Cluster computing

Thursday, April 30, 2015

Today we continue reading the paper on DBPowder. We were reviewing related technologies Today we will continue some more discussion. Hibernate is mentioned as an ORM that handles complex correspondence. Here developers describe mappings between the persistent classes and the relational schema in hbm files. This file is used to generate code and table. However, each time the hbm needs to be updwted, it is pretty disruptive. Even with annotations the expressibility of the mapping isn't improved. While we talk about ORM framework, we don't talk about the mark and sweep required for Graph API. Those we read in distributed computing. Here we read the paper for improvements to the mapping framework. Also we were hinting at writing Graph API for Active Directory objects CRUD. That cannot work unless AD objects CRUD works via LDAP protocol. We need proper credentials and reserved OU. And even so, will most likely require a ticketing framework for changes to be captured in audit trail.

Wednesday, April 29, 2015

Today we continue reading the paper introducing DBPowder as we did in the previous post.
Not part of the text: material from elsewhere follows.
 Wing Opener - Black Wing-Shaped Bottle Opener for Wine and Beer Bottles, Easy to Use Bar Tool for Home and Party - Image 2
We said that for complex correspondences, the developer needs to specify the complete correspondence among persistent classes and tables. which is not always possible because they are subject to change. With DBPowder, simple and complex correspondences are supported with a collaboration of a conceptual model and a navigational data usage description. During the initial rapid development, developers describe an Extended Entity Relationship model and DBPowder generates schema and classes for this model. During the latter spiral development, DBPowder introduces ObjectView, a graph based object description form over the EER model. The developers can refine their EER models and add ObjectView. and then DBPowder refines the existing relational schema and persistent classes and adds persistent classes for ObjectView.
In the discussion on related works, the authors mention ActiveRecord which is a one to one mapping between table and attributes - attributes of ActiveRecord are defined with those of the table. The advantage of this approach is that its simple but doesn;t work for complex correspondences.
Another example is the conceptual model eg. ER model as the basis such as WebML and Enterprise Objects Framework. Here schema and classes are generated from the conceptual model.
A third approach was introduced by Thiran et al which uses wrapper based ORM and applies the eight transformation operators one after the other to a target relational schema. The descriptive power is limited within these operators.
#codingexercise

GetOddNumberRangePowerSeventhRootPowerTwenty (Double [] A)

{

if (A == null) return 0;

Return A.OddNumberPowerSeventhRootPowerTwenty();

}

Tuesday, April 28, 2015

Today we will start reading another research paper. This one is titled : DBPowder : A flexible object relational mapping framework based on a conceptual model. written by Murakami, Amagasa, Kitagawa et al. Object Relational mapping framework are well known to web application developers for the convenience they provide in programming data objects and persisting to a database. The relational schema is abstracted by an object graph that enables seamless data persistence. The authors begin by recognizing that there are many such ORM frameworks and most of them have to compromise two contradictory requirements, 1) that is the support of persistence classes that are directly mapped to relational table. and 2) the support of complicated compositions of base classes which are required by the application. These are two strong requirements and they become clearer as the application evolves. Initially a one to one mapping between each persistent class and their respective table is required and as the development proceeds, more complicated correspondences between persistent classes and relational tables are needed as the development proceeds. Foytr this reason, it is desirable for an ORM framework to be flexible enough between these two ends of the spectrum at different development stages.
In this paper, the authors do that by proposing a framework called DBPowder that addresses the difficulty in handling simple and complex correspondences. DBPowder supports direct mapping to tables with Extended Entity Relationship Model and it supports complicated compositions with ObjectView, a graph based object description form over the EER model. The EER model and the ObjctView together provide the flexibility that is required in different development stages.
Through out this paper the authors use the term simple correspondence and complex correspondence for 1) and 2) mentioned earlier. They refer to the classes in ORM as a) persistence classes that deal with persistent data in an object oriented language. b) relational schema to manage the persistent data in the RDB. and c) data conversion between object states and RDB queries and responses.
If we take the example of users and hosts, that have a many to many relationship as captured in a third join table, then we can have a simple correspondence with more complicated mappings possible by defining the mappings by hand.

Monday, April 27, 2015

Today we start reading up on Azure AD Graph API. This has let different web clients, applications and services to take advantage of doing CRUD on AD Artifacts directly. We will review some of the sample code to connect with this Graph API also. Graph APIs are as relevant to a cloud API provider as a portal to the user. In this section, we cover the usability aspect of the Graph APIs.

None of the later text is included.